= Instructions to follow =
An exact transcription of all the data is required; the pictures are to be left out.

= Data =
==*==

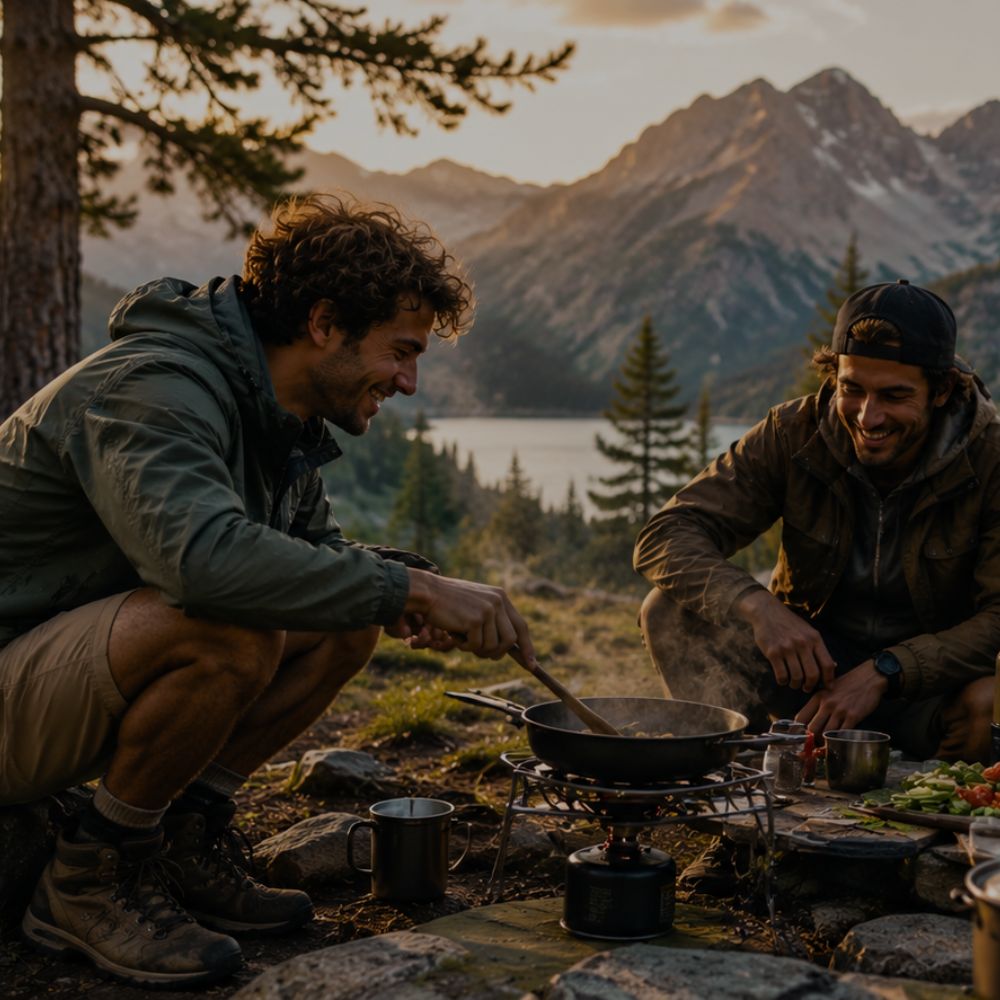 Two smiling men cooking meal on camp stove with mountain lake backdrop
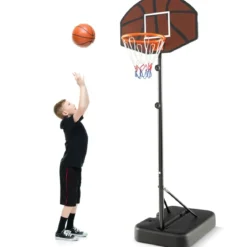 Basketballkorb Outdoor Basketballständer 172-200cm höhenverstellbar Basketballanlage Schwarz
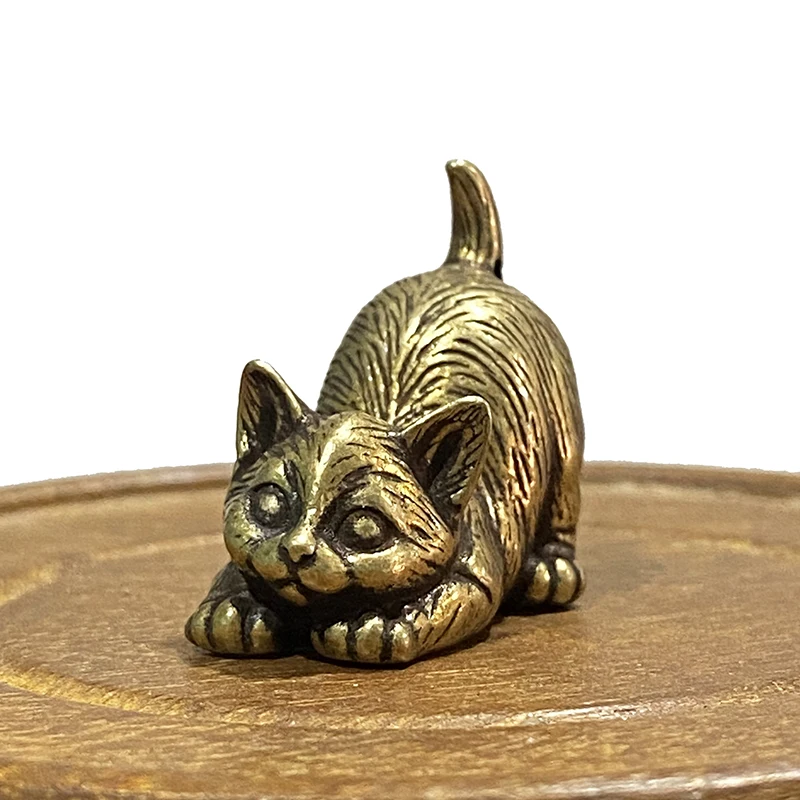 Vintage Brass Cute Cat Pocket Incense Holder Small Tea Pet Ornament Animal Pussycat Figurines Miniatures Desk Decorations Gifts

==*==

= Answer below =
 Two smiling men cooking meal on camp stove with mountain lake backdrop
 Basketballkorb Outdoor Basketballständer 172-200cm höhenverstellbar Basketballanlage Schwarz
 Vintage Brass Cute Cat Pocket Incense Holder Small Tea Pet Ornament Animal Pussycat Figurines Miniatures Desk Decorations Gifts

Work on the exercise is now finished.